Regardless of format, every animation needs a loop mode — what happens when it finishes playing:

Loop — repeats indefinitely. Used for idle poses, walking cycles, and breathing.
Once — plays once and holds the final frame. Used for one-shot gestures like waving.
Once then idle — plays once, then automatically transitions back to the idle animation. Used for reactions, celebrations, and emotes. This is the most common mode for interactive avatars, since the character should always return to a natural resting state.

The Retargeting Problem

The fundamental challenge in avatar animation is that animations and models are authored independently. A Mixamo dance was recorded on a Mixamo skeleton. Your VRM character has a different skeleton. The bones have different names, different rest rotations, and different proportions.

Retargeting solves this by finding the semantic correspondence — "this bone is the left upper arm in both skeletons" — and converting the rotation data between rest poses. The math involves quaternion multiplication: take the bone's rotation relative to its rest pose in the source skeleton, and apply it relative to the rest pose in the target skeleton.

The result is not always perfect. Proportional differences mean a tall character's walk cycle might look slightly different on a short character. Extreme poses can clip through the mesh. But for the vast majority of everyday animations — idle, talking, gestures, reactions — retargeting produces natural-looking results with no manual adjustment.

Choosing the Right Format

For most avatar systems, the practical answer is: use all of them.

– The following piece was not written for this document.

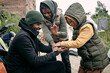 © pressmaster - Positive young Black man in hat playing with kids against abandoned building and hanging clothes on rope in refugee camp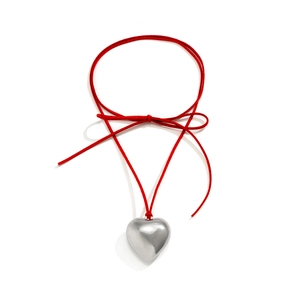 Detail view of large silver heart pendant on red cord necklace with elegant bow knot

Start with FBX from Mixamo for your animation library. Thousands of free, high-quality animations covering every common motion.
Use VRMA when available, especially for animations authored specifically for VRM models. As the format matures, it will increasingly replace FBX for VRM workflows.
Use BVH when working with custom motion capture data or research datasets.
Embed critical animations (idle, entrance) directly in the GLB model file for zero-latency playback on load.
Convert .anim files from the Unity Asset Store to FBX or VRMA when bringing Unity content into web-based systems.

The format matters less than you might think. What matters is the retargeting pipeline — the ability to take motion from any source and make it play naturally on any character. Get that right, and every animation library in the world becomes available to every avatar you build.